* REQUIRED WORK *
For the material below, output exactly the span from the line with "Young beautiful girl" to the line with "A young guy", including both, and nothing besides.

━━━ EXCERPTED RECORDS ━━━

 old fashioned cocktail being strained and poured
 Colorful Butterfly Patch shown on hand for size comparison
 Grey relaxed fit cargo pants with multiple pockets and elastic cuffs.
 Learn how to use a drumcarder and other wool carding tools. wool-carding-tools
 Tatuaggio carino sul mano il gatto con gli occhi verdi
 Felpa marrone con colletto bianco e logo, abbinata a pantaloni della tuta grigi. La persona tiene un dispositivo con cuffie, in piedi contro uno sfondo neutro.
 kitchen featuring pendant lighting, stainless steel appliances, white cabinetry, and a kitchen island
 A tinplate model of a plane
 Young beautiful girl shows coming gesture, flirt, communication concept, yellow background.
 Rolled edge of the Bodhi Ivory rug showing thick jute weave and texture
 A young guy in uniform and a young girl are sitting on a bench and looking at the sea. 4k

━━━
━━━ EXCERPTED RECORDS ━━━

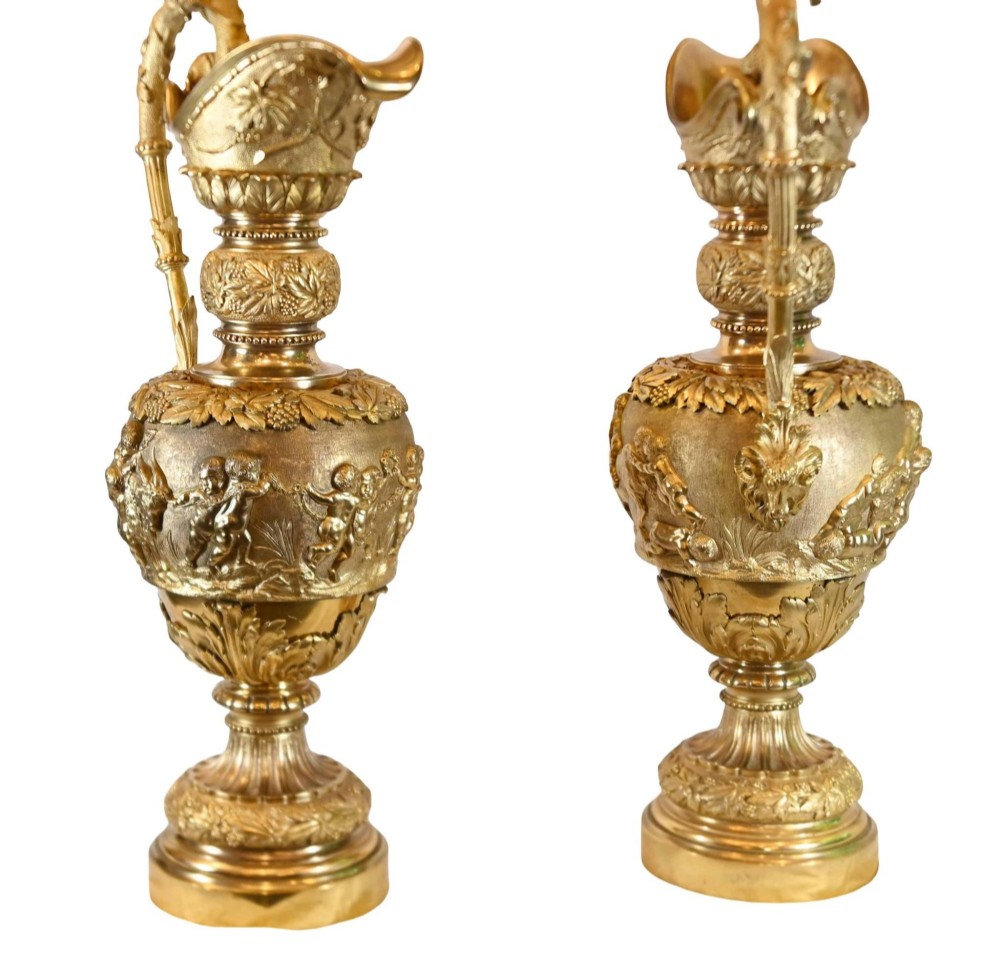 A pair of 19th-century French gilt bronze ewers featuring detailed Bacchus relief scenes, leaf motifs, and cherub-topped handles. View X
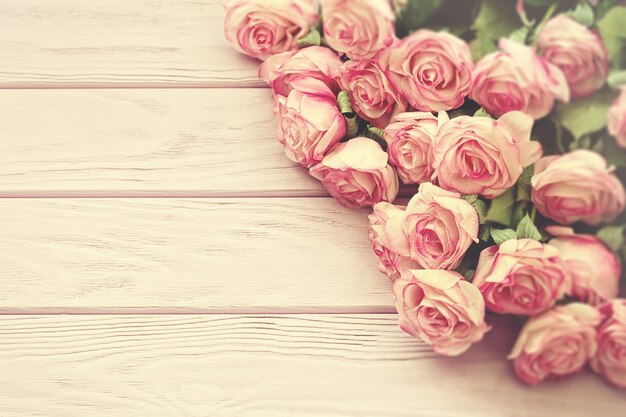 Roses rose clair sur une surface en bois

━━━

* RESULT *
 Young beautiful girl shows coming gesture, flirt, communication concept, yellow background.
 Rolled edge of the Bodhi Ivory rug showing thick jute weave and texture
 A young guy in uniform and a young girl are sitting on a bench and looking at the sea. 4k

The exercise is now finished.